A couple months ago I was catching up a bit with an old friend who is also a "rantau". We were in the same boat when talking about how boring it was having to leave our jobs just to be with our husband and all we did at home was just housewife's jobs. I am at my most now. I am bored to death, despite that I know I can do other things (and have facilities to support). I needed something to distract me 5 days a week from 8 to 7.
I started looking for a job about a month after I arrived here on my spouse visa. I thought I could change industry and looked for some supply chain or engineering job. Whenever I wrote my cover letter, I was never sure what to write because I barely had any experiences in that. Sometimes it got to the extent that making cover letters was really a pain for me. I don't know how many applications I've sent but I always end up with rejection emails, sometimes even within a day or just after a couple of hours after I clicked the "submit" button. I never got a call for an interview. Not a single one call back.
So, then when Ramadhan came, I focused myself in Ramadhan and committed not to do any jobseeking stuff.
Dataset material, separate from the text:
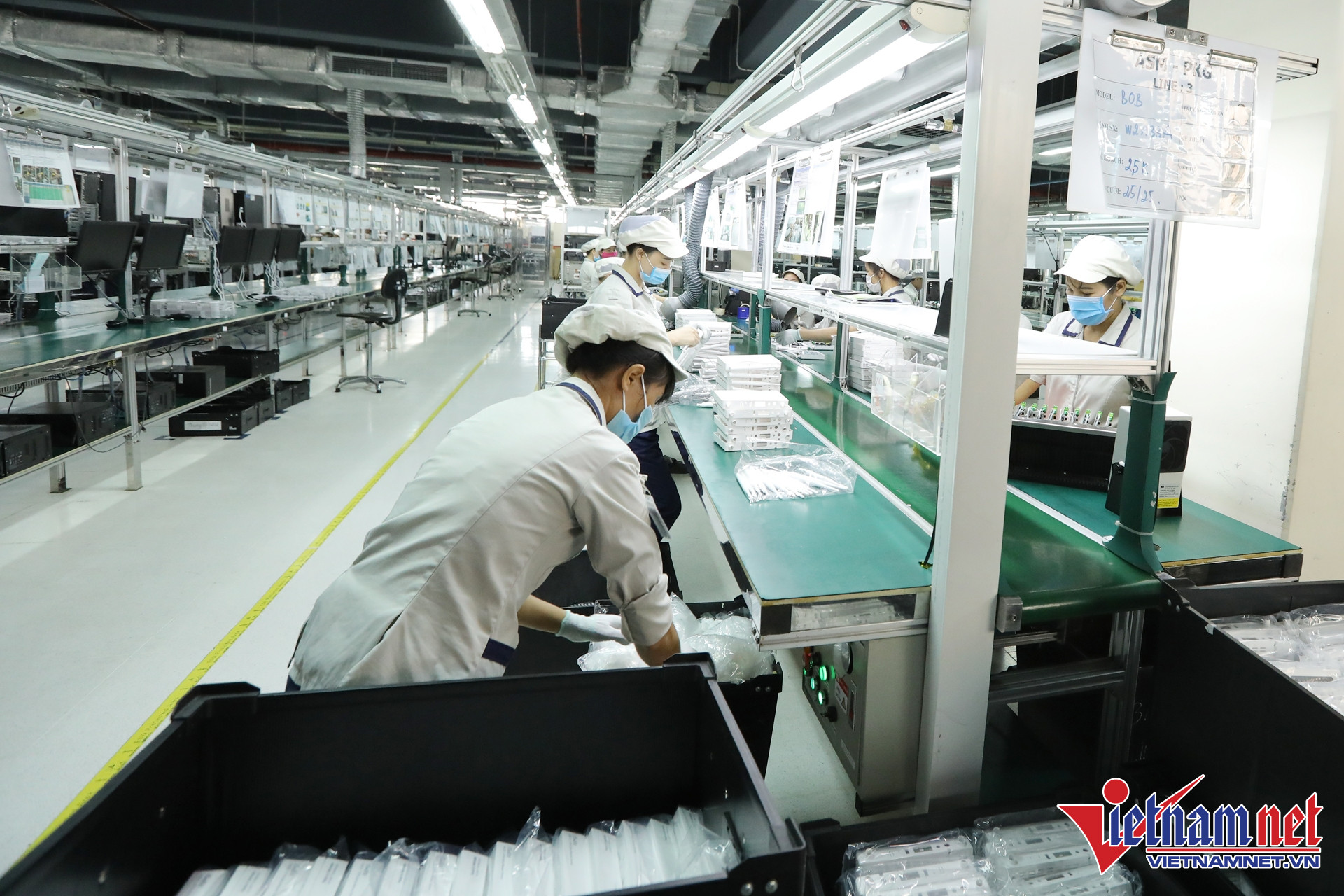 ‘Công nghệ mới, AI đang tác động trực tiếp đến làn sóng layoff tại Việt Nam’ 1 W-nhan luc CNTT 1.jpg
Afterwards, I changed my strategy completely. I tried seeking for jobs related to my previous experience in market research industry and also changed my cover letter and resume completely. Alhamdulillah, within a week or two, I was able to get a call for an interview with an agent and another one from a data collection services company.
I remember telling my "rantau" friend how stressful it was for me being jobless for quite a long time (I had to bear with no-work condition visa for 6 months until I was finally able to get that green light to start applying for a job). She was almost desperate as well. It was difficult for her just staying at home waiting for a miracle to come. Around 3-4 months after applying for a job, she finally got a call for an interview. And alhamdulillah, she got the job. One thing that I remember from her was her saying, "Hang on just a bit more...". And that sentence got stuck in my head ever since. Whenever I tried to be positive, I just remember that sentence... just a little bit more...
I'm still doing the sabar-ikhtiar-doa-tawakal routinity. Hopefully something will come up for me real soon. Aamiin.